DESTINO SEGNATO. In quella stagione furono diversi i motivi alla base del fallimento sportivo: squadra rivoluzionata, società allo sbando (era l’anno dei due presidenti, Corbelli e Ferlaino), tifosi delusi per la recente retrocessione e la discontinuità in campionato. Non bastarono gli undici gol di Roberto Stellone, non bastò la striscia di sette vittorie ed un pari tra la 15esima e la 22esima giornata, non bastò il ritrovato entusiasmo della piazza per sorpassare l’Empoli del giovane Di Natale (capocannoniere del torneo con 16 gol). Fatali gli scontri diretti coi toscani: 1-0 al Castellani, 0-0 al San Paolo.
SAN PAOLO INAGIBILE. Il Napoli partì forte, vinse a Genova ma poi crollò, conquistando due punti nelle successive cinque partite. A metà settembre, complice la forte alluvione che colpì l’intera città, il San Paolo risultò inagibile per oltre quattro mesi, costringendo il Napoli a trasferirsi prima a Cava de’ Tirreni e poi, per sette giornate, allo stadio Santa Colomba di Benevento. «Ho ricordi più brutti che belli, fu una stagione difficile. Un casino micidiale». Di quel Napoli, Oscar Magoni era capitano orgoglioso e ferito: «Non è mai facile giocare con la società in bilico e le contestazioni dei tifosi. Napoli è una città meravigliosa che meritava ben altro. In quella stagione ci furono tante cessioni, tanti acquisti, tanti stranieri, tanti giovani. Facemmo il massimo delle nostre possibilità».
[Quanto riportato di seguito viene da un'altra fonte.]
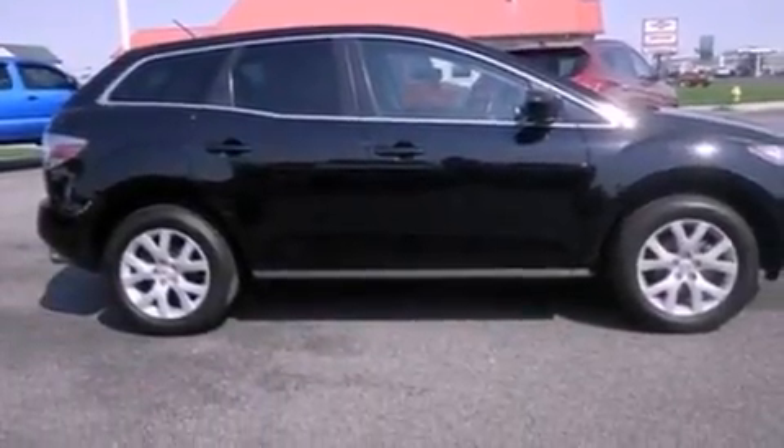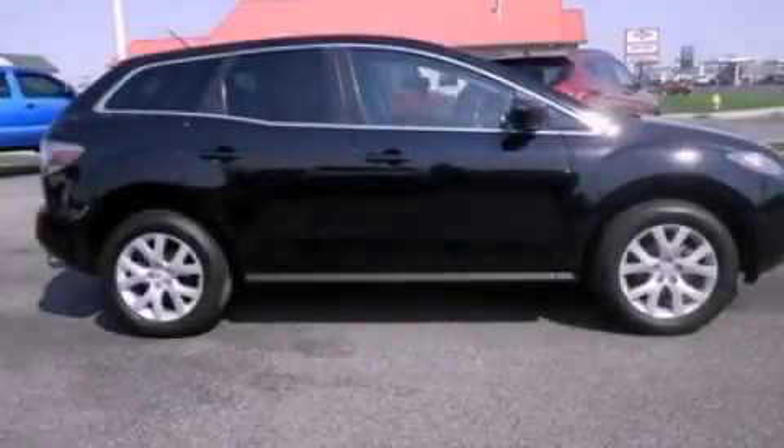This automobile won't last long at this price. Call and arrange a test drive now.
CAOS CALMO. Ben presto anche i tifosi si accorsero che la squadra, nel ventre d’una stagione in salita, riuscì a resistere fino alla fine, sfiorando la promozione: «Alla prima al San Paolo facemmo il record negativo di presenze – ricorda Matteo Villa, difensore al suo primo anno a Napoli – ma la gioia più grande fu riportare la gente allo stadio. La mancata promozione fu un rimpianto, ma i 70mila al San Paolo contro la Reggina (1-1, gol di Vidigal) fu una soddisfazione che nessuno potrà mai cancellare». Prima degli applausi, però, furono soprattutto fischi: «Ricordo tante contestazioni in casa, tante polemiche. Fu un’annata storta e fu un peccato – spiega Magoni – perché a Napoli ti senti professionista vero. Rifarei altre mille volte la scelta di lasciare la Serie A per giocare qui».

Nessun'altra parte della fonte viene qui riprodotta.